The Web in your briefcase, or, experiences with a portable Web


Ken Yap CSIRO Division of Information Technology Locked Bag 17, North Ryde Email: ken@syd.dit.csiro.au Home page: Ken Yap
Keywords: WorldWideWeb, Web server, HTTP, Unix, Networking, SLIP

Abstract

Around mid-1995 our marketing manager made a request to have a notebook computer with a self-contained Web for demonstrations "on the road". This would be a notebook computer that would have a client and Web server containing various pages captured from the real World-Wide-Web and would serve up these pages as if the notebook was connected to the Internet. The various tribulations encountered in the installation and testing of the software and hardware, and their resolution reveal details about how the Web protocols and various Web software work. It also demonstrates how information and services are increasingly interdependent as they get tied into the World Wide Web.

How it started

Around mid-1995 our marketing manager made a request to have a notebook computer with a self-contained Web for demonstrations "on the road". He would use this notebook to run Web demonstrations to convince industry of the benefits of Electronic Commerce. Demonstrations would be held in places where no easy phone access, let alone network access, to our office computers was available. Therefore the notebook had to be a standalone subset of the World Wide Web. It was not deemed feasible to do the demonstration from files only because we wanted to use real live examples of pages from the Web, which change daily. It takes too much time to change all the references to HTTP URLs into FILE URLs and verify the links. The Web pages had to be used as-is. The notebook had to have graphics that could be projected onto a screen with a LCD panel. This meant a windowing system and a GUI browser.

Configuration

The required configuration of the notebook boiled down to using Web client talking to a proxy server with a cache. This meant the operating system had to be multitasking. At that time, Web browsers, like Netscape, did not have caches fit for our purpose so we needed a caching proxy. Also we thought it would be useful to create some server side scripts for some demonstrations.

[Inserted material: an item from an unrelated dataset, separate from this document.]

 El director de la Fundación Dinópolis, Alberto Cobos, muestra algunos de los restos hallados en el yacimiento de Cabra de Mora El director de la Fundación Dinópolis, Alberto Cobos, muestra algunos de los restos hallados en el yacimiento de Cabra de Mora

Microsoft Windows was deemed unsuitable because its multitasking quality is poor. We didn't want to delve into Windows-NT as we had no experience with it at this site at the time. So Unix remained as the only serious choice.

The initial plan was to get a Sparc notebook and run SunOS on it. This had the advantage that we are familiar with SunOS because it is what we use on our desktop workstations. We have found it very easy to make Web tools work on Sun workstations. Unfortunately Sparc notebooks are not cheap, so we took the other alternative, which was to buy a Intel x86 CPU notebook and run Solaris x86 or one of the x86 free Unixes on it.

The hardware chosen was an IBM Thinkpad 755CE [HREF1] with a transmission LCD screen. It has a built-in 800 Mb disk, and an expansion connector for a docking station. In retrospect, this was a good choice because of the quality and reliability of the hardware. In particular, the transmission LCD screen is bright and has faster response to image changes, which makes it possible to see the cursor when it moves, unlike the older LCD technology.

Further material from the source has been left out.